Computer services provider Cognizant Technology Solutions Corp. has reported a 16.4% growth in revenue to $3.3 billion (Rs15,378 crore) in the year ended December. In the same period, revenue for Tata Consultancy Services Ltd (TCS) was flat at $6.1 billion and Infosys Technologies Ltd’s revenue fell by 1.2% to $4.6 billion. In the year to December 2008, Cognizant’s revenue grew by 31.9%, compared with TCS growth of 15.1% and Infosys growth of 20.2%.

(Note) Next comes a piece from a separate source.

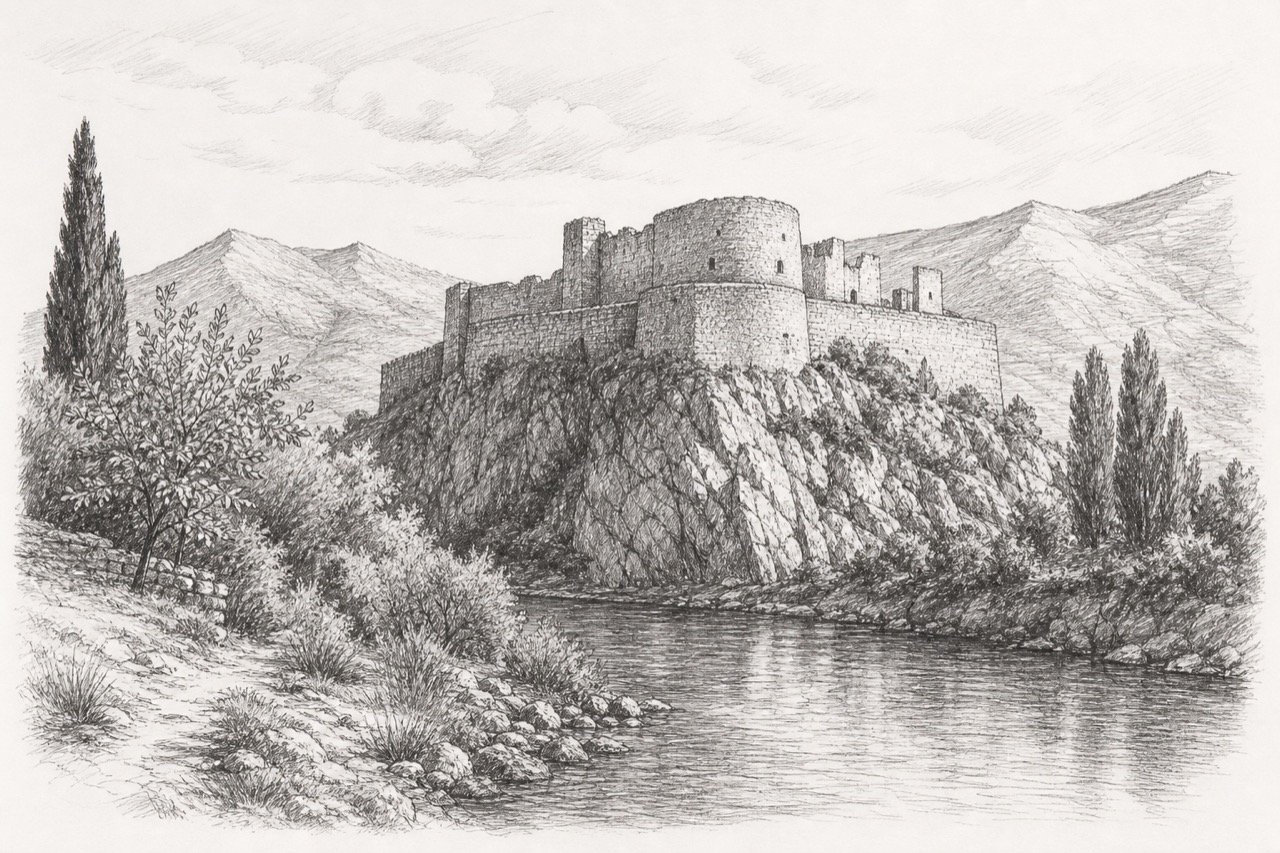 Hand-drawn pencil travel sketch for Hutovo, Bosnia and Herzegovina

The trend is pretty much the same for the preceding few years as well, leading to a view that Cognizant’s growth rates are at least 10 percentage points ahead of other Indian information technology (IT) firms. With that backdrop, the company’s guidance of 20% growth in revenue for the calendar year 2010 is hardly exciting for investors in Indian IT stocks. Organic growth, i.e. growth stripped of acquisitions, is lower at 18%.

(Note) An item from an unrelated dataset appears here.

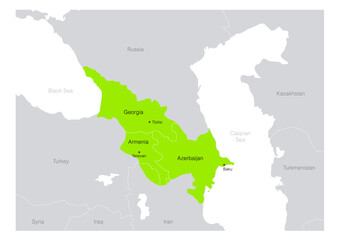南コーカサス地方の地図　Map of Azerbaijan, Armenia, Georgia
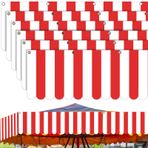 Preboun 6 Adet Karnaval Çadırı Sirk Karnaval Asılı Süslemeler Karnaval Afiş Kırmızı Beyaz Çizgili Karnaval Parti Malzemeleri Çocuklar için Doğum Günü Mardi Gras Temalı Noel Kutlaması, 22,84 x 188,74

Graphic: Yogesh Kumar / Mint
Sure, Cognizant seems a tad conservative with its guidance. Its estimates imply year-on-year growth of roughly 25% in the first two quarters, and 16% growth in the second half of the year. Francisco D’Souza, president and chief executive of Cognizant, said in a conference call with analysts: “There remains uncertainty about the level of the new normal economic activity in our key markets. As a result, we have reflected that by taking a cautious view on the second half of 2010 until budgets are firmly locked down and our visibility to specific project work in the back half of the year improves.”

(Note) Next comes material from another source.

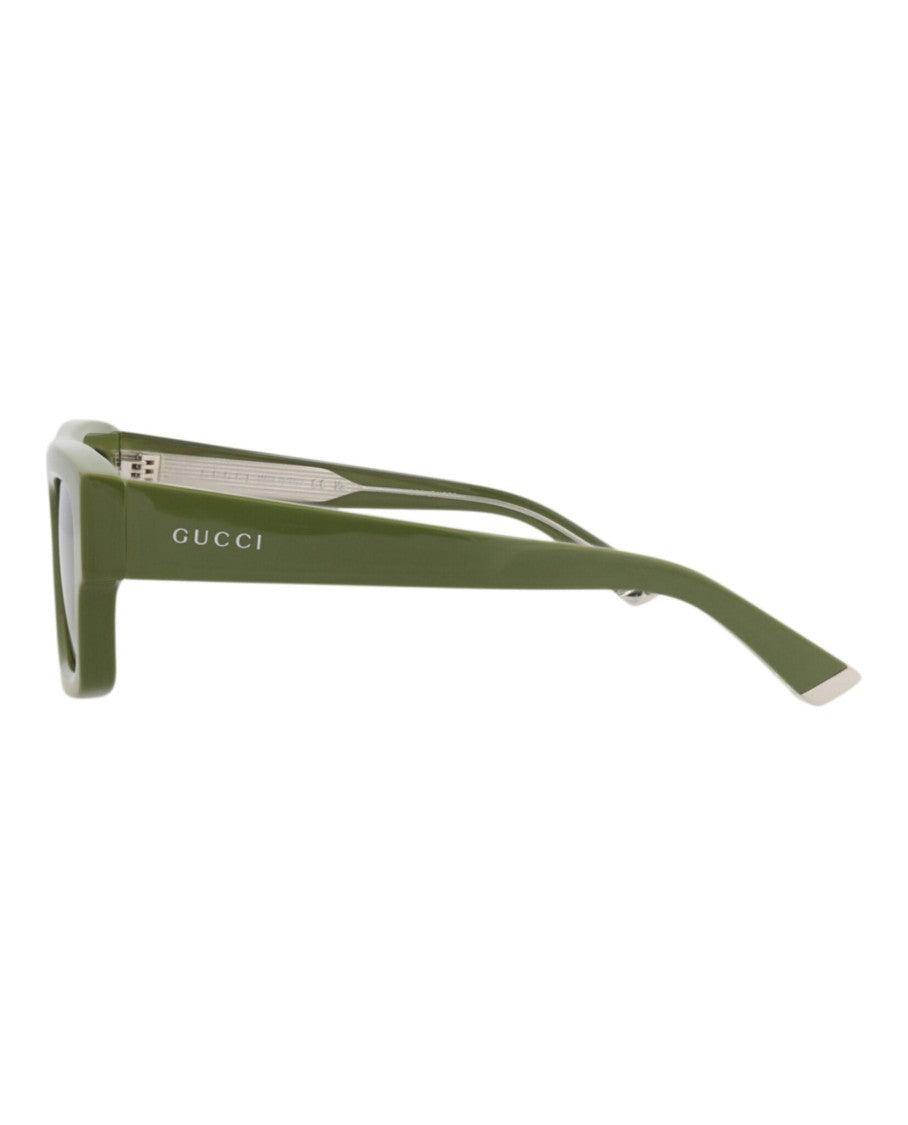 Gucci Square-Frame Recycled Acetate Sunglasses With Saddle Nose Bridge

Some analysts feel the conservative estimate isn’t reflected in the firm’s aggressive employee addition numbers in the December quarter. On an organic basis, the company added over 8,000 employees last quarter, which amounts to about an 11% addition to its workforce. In other words, these analysts expect Cognizant to beat its guidance.
But it may be imprudent to expect a large outperformance. Gordon Coburn, chief financial and operating officer, said during the conference call: “Our guidance for 2010 includes conservatism for the second half but not the level of conservatism that we had coming into 2009.”
What does all this mean for Indian IT stocks? At current prices, investors are factoring in growth of around 20% in the next couple of years. While it’s true that growth in the coming year will be much higher, a 20% growth estimate seems like a stretch, based on Cognizant’s guidance. Industry lobby group Nasscom’s target of around 15% growth seems more achievable. This explains why Indian IT stocks were flat on Wednesday, despite the 6% rise in Cognizant’s shares on the Nasdaq on Tuesday.